O – OLEŚNICA
W grodzie Książąt Oleśnickich
Miasto na Dolnym Śląsku zlokalizowane 30 kilometrów na północny wschód od Wrocławia na Nizinie Śląskiej (35 tys. mieszkańców).
Etymologicznie nazwa miasta wywodzi się od drzewa olchy. W XIV w. osada stała się siedzibą Księstwa Oleśnickiego. Za panowania Piastów Oleśnickich zbudowano zamek, powstały mury obronne i kościoły.

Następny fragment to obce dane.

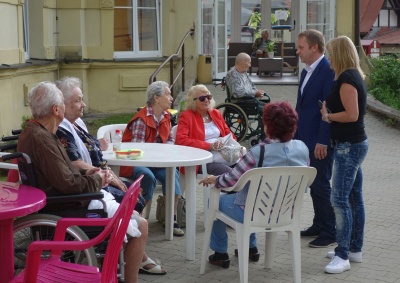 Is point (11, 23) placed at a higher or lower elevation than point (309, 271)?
higher

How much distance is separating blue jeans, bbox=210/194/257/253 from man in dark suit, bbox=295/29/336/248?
29.2 inches

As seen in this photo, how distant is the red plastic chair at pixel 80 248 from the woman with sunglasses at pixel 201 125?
9.53 ft

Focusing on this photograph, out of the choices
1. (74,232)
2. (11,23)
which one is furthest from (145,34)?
(74,232)

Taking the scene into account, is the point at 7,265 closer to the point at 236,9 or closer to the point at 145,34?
the point at 145,34

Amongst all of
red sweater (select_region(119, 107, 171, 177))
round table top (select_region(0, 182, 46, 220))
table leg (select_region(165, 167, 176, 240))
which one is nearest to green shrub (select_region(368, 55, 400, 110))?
red sweater (select_region(119, 107, 171, 177))

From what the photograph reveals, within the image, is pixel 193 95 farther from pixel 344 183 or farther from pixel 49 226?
pixel 49 226

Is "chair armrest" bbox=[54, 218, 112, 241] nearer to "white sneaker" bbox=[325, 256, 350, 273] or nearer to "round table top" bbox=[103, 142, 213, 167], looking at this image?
"round table top" bbox=[103, 142, 213, 167]

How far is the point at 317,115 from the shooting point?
23.0ft

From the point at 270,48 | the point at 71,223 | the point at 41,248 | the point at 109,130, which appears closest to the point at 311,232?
the point at 109,130

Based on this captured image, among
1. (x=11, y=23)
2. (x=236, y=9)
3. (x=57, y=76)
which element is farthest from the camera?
(x=236, y=9)

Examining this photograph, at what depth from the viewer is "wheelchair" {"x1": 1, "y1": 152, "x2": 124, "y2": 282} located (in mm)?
5188

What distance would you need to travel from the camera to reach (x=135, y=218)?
5.60m

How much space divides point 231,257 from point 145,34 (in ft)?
36.4

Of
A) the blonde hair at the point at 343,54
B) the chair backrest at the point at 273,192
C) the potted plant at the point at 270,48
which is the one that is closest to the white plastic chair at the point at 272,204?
the chair backrest at the point at 273,192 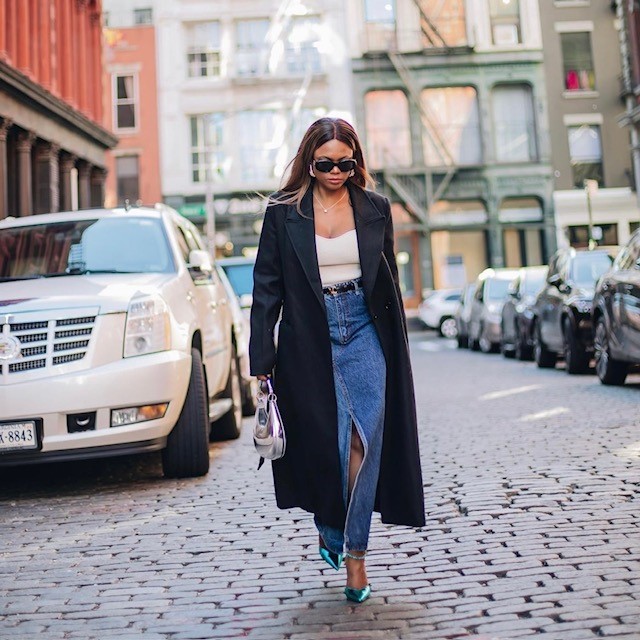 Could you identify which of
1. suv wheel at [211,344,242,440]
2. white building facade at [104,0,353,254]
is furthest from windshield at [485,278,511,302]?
white building facade at [104,0,353,254]

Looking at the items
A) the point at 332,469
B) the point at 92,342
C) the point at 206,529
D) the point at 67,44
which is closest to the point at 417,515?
the point at 332,469

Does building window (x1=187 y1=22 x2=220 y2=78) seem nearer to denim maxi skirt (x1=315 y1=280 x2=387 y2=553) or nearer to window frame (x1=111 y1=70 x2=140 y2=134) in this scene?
window frame (x1=111 y1=70 x2=140 y2=134)

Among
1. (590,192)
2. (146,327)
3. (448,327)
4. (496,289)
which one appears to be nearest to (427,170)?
(590,192)

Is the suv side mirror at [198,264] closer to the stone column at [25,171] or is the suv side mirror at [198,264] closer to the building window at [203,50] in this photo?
the stone column at [25,171]

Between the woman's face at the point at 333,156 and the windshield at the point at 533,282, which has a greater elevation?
the windshield at the point at 533,282

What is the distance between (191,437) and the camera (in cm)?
669

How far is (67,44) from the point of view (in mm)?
24734

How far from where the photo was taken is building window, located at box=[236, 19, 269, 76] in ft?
125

Dawne zabudowania Książąt Oleśnickich stanowiły pierwszorzędny cel naszej wizyty w jednym z najniżej usytuowanych miast Dolnego Śląska (152 m n.p.m.). Samochód zaparkowaliśmy w bliskim sąsiedztwie Parku Książąt Oleśnickich. Po kilku minutach byliśmy już przed wejściem do XVI w. Zamku Książąt Oleśnickich.
Pierwszy gród powstał w XII w. Po wygaśnięciu linii Piastów zamkiem władał Jan z Podiebradów z dynastii czeskiego króla Jerzego. Rozbudował on znacznie zamek nadając mu charakter renesansowy.

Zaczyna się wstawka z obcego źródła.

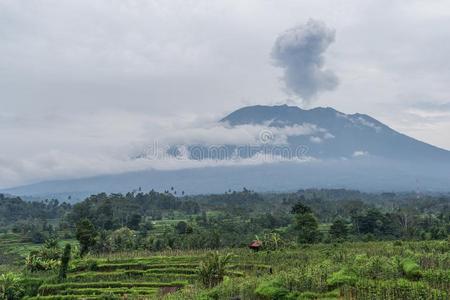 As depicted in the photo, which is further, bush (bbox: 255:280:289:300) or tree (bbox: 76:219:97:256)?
tree (bbox: 76:219:97:256)

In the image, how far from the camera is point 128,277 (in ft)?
123

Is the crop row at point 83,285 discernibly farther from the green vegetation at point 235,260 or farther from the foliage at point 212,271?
the foliage at point 212,271

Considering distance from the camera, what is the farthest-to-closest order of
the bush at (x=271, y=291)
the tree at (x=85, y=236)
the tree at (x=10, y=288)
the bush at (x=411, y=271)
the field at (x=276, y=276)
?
the tree at (x=85, y=236) < the tree at (x=10, y=288) < the bush at (x=411, y=271) < the field at (x=276, y=276) < the bush at (x=271, y=291)

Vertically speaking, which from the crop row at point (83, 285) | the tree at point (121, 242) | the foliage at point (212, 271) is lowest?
the crop row at point (83, 285)

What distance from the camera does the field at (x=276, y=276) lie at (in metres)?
19.1

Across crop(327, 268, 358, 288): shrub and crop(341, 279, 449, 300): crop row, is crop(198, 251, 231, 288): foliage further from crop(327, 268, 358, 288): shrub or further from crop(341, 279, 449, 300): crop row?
crop(341, 279, 449, 300): crop row

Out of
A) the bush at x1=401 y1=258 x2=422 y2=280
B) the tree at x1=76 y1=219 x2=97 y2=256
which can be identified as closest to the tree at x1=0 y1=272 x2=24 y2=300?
the tree at x1=76 y1=219 x2=97 y2=256

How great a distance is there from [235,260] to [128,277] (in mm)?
8598

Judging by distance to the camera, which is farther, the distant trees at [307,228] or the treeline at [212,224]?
the treeline at [212,224]

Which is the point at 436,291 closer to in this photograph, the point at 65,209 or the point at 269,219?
the point at 269,219

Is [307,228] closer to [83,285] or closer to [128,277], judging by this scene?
[128,277]

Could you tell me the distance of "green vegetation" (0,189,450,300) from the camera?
2017cm

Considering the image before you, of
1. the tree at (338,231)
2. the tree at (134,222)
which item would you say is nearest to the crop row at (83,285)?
the tree at (338,231)

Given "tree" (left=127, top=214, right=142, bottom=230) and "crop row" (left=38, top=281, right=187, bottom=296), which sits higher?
"tree" (left=127, top=214, right=142, bottom=230) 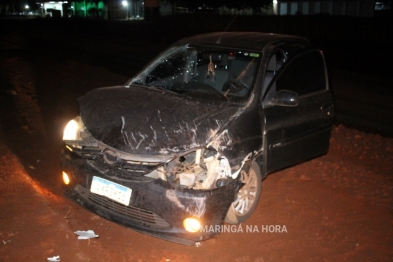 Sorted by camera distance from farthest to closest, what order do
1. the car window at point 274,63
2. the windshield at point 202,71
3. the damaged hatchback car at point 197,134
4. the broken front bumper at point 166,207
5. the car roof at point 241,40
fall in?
the car window at point 274,63
the car roof at point 241,40
the windshield at point 202,71
the damaged hatchback car at point 197,134
the broken front bumper at point 166,207

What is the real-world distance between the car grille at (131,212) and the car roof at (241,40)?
7.68 feet

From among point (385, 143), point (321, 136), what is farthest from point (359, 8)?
point (321, 136)

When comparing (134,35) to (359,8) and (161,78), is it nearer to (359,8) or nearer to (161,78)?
(359,8)

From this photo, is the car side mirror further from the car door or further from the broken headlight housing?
the broken headlight housing

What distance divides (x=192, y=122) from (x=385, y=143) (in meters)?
4.59

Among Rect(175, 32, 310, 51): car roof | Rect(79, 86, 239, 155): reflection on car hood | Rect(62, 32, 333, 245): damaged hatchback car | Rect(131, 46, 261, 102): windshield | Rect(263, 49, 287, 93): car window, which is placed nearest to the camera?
Rect(62, 32, 333, 245): damaged hatchback car

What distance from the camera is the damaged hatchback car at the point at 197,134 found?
13.0 feet

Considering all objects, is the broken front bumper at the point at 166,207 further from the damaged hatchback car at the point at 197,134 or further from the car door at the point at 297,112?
the car door at the point at 297,112

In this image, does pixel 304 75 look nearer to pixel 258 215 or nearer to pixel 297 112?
pixel 297 112

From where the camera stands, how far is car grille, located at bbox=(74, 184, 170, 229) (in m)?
3.96

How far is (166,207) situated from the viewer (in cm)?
388

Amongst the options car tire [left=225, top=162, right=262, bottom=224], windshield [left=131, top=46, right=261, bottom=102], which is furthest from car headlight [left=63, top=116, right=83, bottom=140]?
car tire [left=225, top=162, right=262, bottom=224]

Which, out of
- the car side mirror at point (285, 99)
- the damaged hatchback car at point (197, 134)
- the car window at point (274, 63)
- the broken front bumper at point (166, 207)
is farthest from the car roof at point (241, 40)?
the broken front bumper at point (166, 207)

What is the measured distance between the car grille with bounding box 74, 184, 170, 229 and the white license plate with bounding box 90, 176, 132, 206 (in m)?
0.07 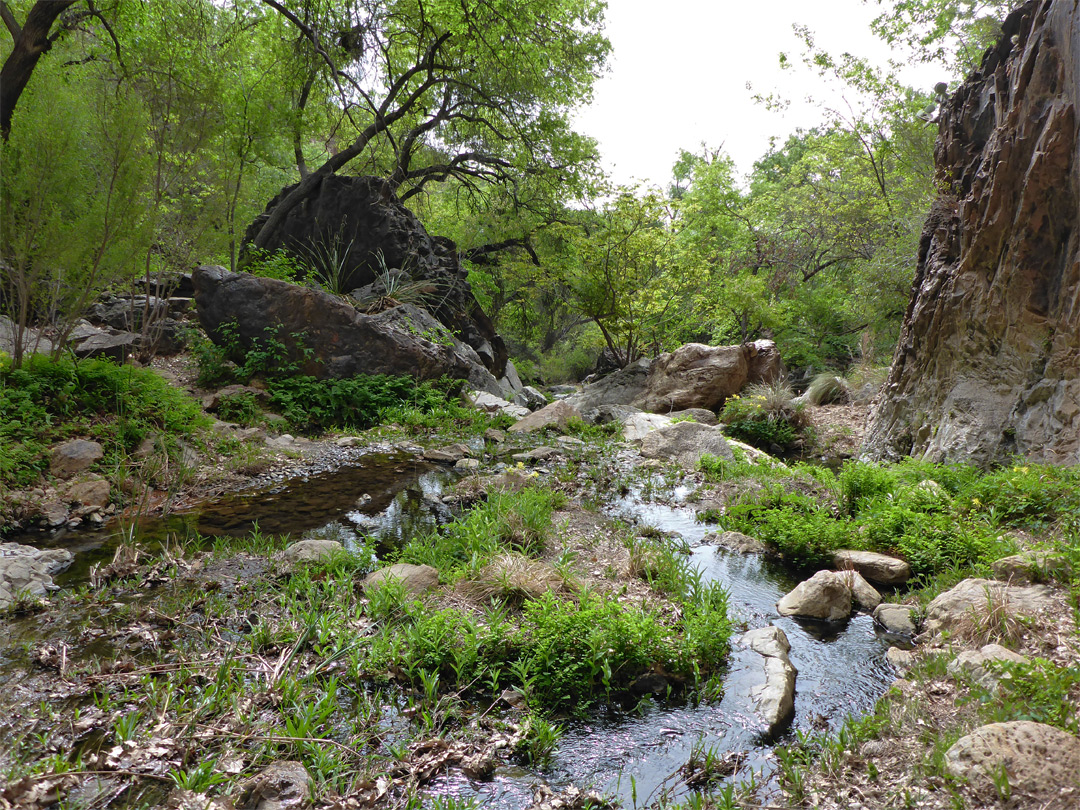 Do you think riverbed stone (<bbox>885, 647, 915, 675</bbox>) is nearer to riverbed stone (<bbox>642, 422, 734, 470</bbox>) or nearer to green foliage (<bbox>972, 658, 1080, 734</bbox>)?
green foliage (<bbox>972, 658, 1080, 734</bbox>)

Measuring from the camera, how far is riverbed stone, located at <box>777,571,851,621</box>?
16.7 feet

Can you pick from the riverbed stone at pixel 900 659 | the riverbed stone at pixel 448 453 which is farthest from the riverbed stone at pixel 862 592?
the riverbed stone at pixel 448 453

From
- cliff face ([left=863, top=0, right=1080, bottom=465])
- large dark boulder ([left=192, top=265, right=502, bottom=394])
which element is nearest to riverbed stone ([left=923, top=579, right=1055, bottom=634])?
cliff face ([left=863, top=0, right=1080, bottom=465])

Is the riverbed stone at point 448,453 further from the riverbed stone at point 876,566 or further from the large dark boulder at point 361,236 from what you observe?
the riverbed stone at point 876,566

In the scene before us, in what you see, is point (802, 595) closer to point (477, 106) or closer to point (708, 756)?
point (708, 756)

Jego bratanek Karol II z kolei dobudował na dziedzińcu piękne krużganki. Moim zdaniem to najładniejsza część oleśnickiego zamku.
Kolejne upiększenia budowli są już udziałem niemieckiej dynastii Wirtembergów. Zwiedzając zamkowe wnętrza zwróciliśmy szczególną uwagę na Salę Rycerską. Z zamkiem związane są ciekawe historie i legendy.

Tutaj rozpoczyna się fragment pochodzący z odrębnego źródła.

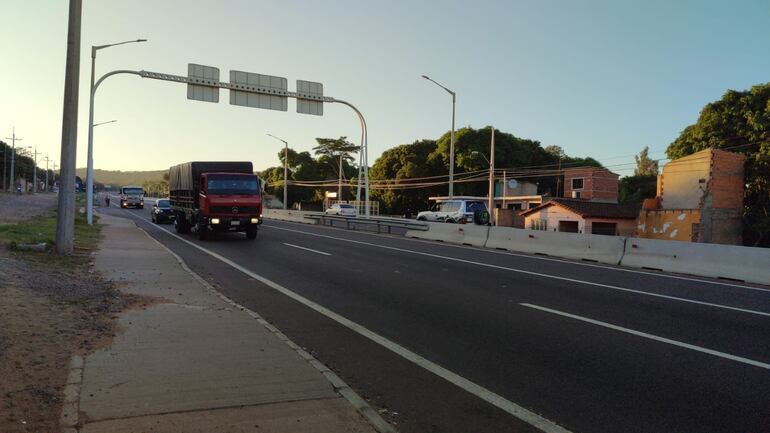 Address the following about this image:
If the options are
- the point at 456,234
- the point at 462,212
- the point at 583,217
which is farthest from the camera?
the point at 583,217

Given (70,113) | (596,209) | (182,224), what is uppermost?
(70,113)

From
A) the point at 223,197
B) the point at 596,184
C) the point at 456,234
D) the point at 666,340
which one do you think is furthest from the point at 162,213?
the point at 596,184

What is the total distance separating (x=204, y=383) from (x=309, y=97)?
73.2 feet

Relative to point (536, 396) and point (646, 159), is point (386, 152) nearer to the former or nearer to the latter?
point (646, 159)

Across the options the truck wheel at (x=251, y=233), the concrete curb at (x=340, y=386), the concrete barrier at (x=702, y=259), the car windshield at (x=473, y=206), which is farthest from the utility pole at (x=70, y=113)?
the car windshield at (x=473, y=206)

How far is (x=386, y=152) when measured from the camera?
76000 millimetres

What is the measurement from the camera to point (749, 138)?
1533 inches

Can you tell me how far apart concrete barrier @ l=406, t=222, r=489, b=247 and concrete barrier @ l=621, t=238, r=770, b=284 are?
21.6ft

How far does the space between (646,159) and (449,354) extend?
10075 centimetres

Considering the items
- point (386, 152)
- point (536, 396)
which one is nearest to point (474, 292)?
point (536, 396)

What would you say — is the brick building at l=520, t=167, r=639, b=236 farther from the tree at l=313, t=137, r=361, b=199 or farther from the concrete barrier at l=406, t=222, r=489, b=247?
the tree at l=313, t=137, r=361, b=199

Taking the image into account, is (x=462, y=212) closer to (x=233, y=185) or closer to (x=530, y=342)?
(x=233, y=185)

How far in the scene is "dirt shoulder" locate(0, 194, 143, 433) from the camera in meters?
3.90

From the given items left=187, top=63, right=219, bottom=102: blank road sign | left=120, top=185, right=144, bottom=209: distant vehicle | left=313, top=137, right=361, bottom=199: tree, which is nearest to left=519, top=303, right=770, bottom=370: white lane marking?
left=187, top=63, right=219, bottom=102: blank road sign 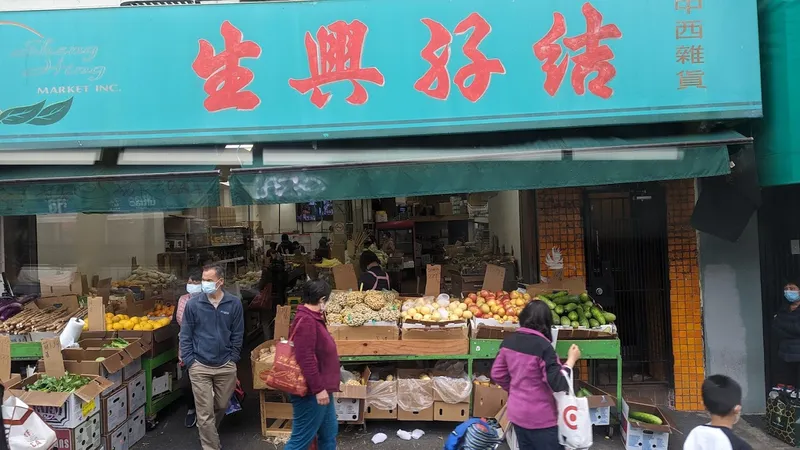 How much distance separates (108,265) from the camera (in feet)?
30.8

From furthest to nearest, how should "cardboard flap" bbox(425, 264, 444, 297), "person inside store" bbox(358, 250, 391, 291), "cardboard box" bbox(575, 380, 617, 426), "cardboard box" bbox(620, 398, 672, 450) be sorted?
1. "person inside store" bbox(358, 250, 391, 291)
2. "cardboard flap" bbox(425, 264, 444, 297)
3. "cardboard box" bbox(575, 380, 617, 426)
4. "cardboard box" bbox(620, 398, 672, 450)

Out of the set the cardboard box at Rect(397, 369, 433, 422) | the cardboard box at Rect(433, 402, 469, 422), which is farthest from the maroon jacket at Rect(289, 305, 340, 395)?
the cardboard box at Rect(433, 402, 469, 422)

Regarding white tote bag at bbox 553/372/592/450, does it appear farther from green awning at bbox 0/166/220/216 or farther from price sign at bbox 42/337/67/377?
price sign at bbox 42/337/67/377

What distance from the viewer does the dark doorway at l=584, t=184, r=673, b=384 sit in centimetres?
645

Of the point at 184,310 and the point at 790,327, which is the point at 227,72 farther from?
the point at 790,327

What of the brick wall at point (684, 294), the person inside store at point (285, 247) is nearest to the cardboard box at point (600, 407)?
the brick wall at point (684, 294)

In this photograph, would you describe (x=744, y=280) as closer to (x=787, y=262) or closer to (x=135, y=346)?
(x=787, y=262)

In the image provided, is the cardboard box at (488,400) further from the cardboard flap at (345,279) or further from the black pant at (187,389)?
the black pant at (187,389)

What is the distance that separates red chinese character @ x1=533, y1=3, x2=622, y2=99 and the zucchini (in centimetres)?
357

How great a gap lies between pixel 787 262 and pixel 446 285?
15.8 ft

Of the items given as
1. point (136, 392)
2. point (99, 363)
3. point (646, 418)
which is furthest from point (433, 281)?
point (99, 363)

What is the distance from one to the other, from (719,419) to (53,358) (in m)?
5.90

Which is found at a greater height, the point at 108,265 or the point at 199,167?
the point at 199,167

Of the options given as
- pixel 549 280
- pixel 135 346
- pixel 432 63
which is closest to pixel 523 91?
pixel 432 63
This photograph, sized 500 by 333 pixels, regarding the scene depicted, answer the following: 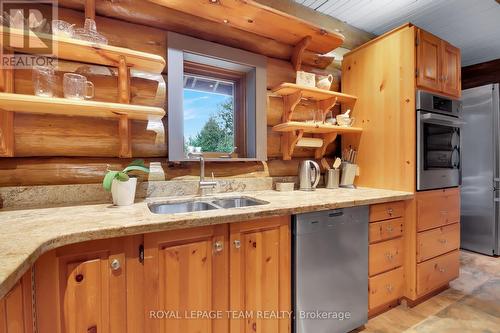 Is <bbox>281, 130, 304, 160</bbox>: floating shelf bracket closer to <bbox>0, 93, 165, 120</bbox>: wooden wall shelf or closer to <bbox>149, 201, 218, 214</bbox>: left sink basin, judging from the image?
<bbox>149, 201, 218, 214</bbox>: left sink basin

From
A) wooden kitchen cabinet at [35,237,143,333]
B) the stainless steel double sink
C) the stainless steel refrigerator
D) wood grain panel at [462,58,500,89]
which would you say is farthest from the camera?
wood grain panel at [462,58,500,89]

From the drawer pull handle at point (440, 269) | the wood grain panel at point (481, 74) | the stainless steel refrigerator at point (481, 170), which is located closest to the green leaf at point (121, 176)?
the drawer pull handle at point (440, 269)

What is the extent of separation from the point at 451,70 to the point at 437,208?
118cm

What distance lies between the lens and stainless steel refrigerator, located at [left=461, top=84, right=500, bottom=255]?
8.90 ft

Jedna z nich dotyczy oleśnickiego wilkołaka Carlissana. Najbardziej zapadła mi w pamięć jednak historia mordercy, gwałciciela i kanibala – Meclchiora Hedloffa, który zabił ponad ćwierć tysiąca osób w okolicy. Krążą legendy, że napadał na kobiety w ciąży. Rozcinał im brzuchy i zabijał noworodki…. W 1654 r. został skazany na śmierć na oleśnickim rynku. Po egzekucji ciało mordercy poćwiartowano i wystawiono na widok publiczny. Do zamku poprzez mury obronne przylega Bazylika Mniejsza p.w. św. Jana Apostoła z interesującymi sklepieniami gwiaździstymi.
W wieży kościelnej znajduje się XVI w. biblioteka. Żeby uniknąć kradzieży książki przypięto do… łańcuchów.
Zaledwie sto metrów dzieli bazylikę od oleśnickiego rynku. Po krótkiej chwili znaleźliśmy się na głównym miejskim placu. W centralnym miejscu zlokalizowany jest Ratusz. Powstał on w XV w. Niestety na przestrzeni dziejów został uszkodzony przez uderzenie pioruna oraz pożary.
Obecny klasycystyczny wygląd pochodzi z pierwszej połowy XIX w. Część zabudowy przy rynku to niestety PRL-owska architektura. Poruszając wątek PRL-u warto zwrócić uwagę na znajdującą się w południowej części placu Dziewczynkę z różą – ławeczkę, na której umieszczono rzeźbę Oli trzymającej w ręku różę. Rzekomo dziewczynka witała dygnitarzy z poprzedniego ustroju różami. Oleśnica promuje się jako „Miasto wież i róż”.
Osobiście uważam, że hasło trochę chybione. Moje skojarzenia ewidentnie brną w stronę Książąt Oleśnickich. Jeśli mowa o wieżach to Oleśnica faktycznie może być dumna, mimo że nie ma ich zbyt dużo.
Imponuje oczywiście wieża zamkowa.
Ciekawą konstrukcję ma wieża ratuszowa. Na dole czworoboczna, a od piątej kondygnacji ośmioboczna budowla. Na górze znajduje się galeria widokowa z zegarem.
Godne uwagi są wieże kościelne: wspomniana wcześniej wieża Bazyliki św. Jana oraz wieża wybudowanego w stylu barokowym kościoła św. Trójcy, który jest najmłodszym zabytkiem sakralnym w mieście. Spośród innych wyznań warto zwrócić uwagę na gotycką wieżę Cerkwi Zaśnięcia Najświętszej Maryi Panny oraz wieżę dawnej synagogi, obecnie kościoła zielonoświątkowego.
Najbardziej jednak przypadła mi do gustu wieża Bramy Wrocławskiej.
Dawniej do miasta można było się dostać przez cztery bramy miejskie. Dzisiaj Brama Wrocławska wraz z przylegającymi do niej murami obronnymi jest jedyną pozostałością fortyfikacji miejskich.
Zabytki Oleśnicy z pewnością warte są poznania. Mimo, że historyczna architektura przeplata się z zabudową powojenną, miasto godne jest rekomendacji.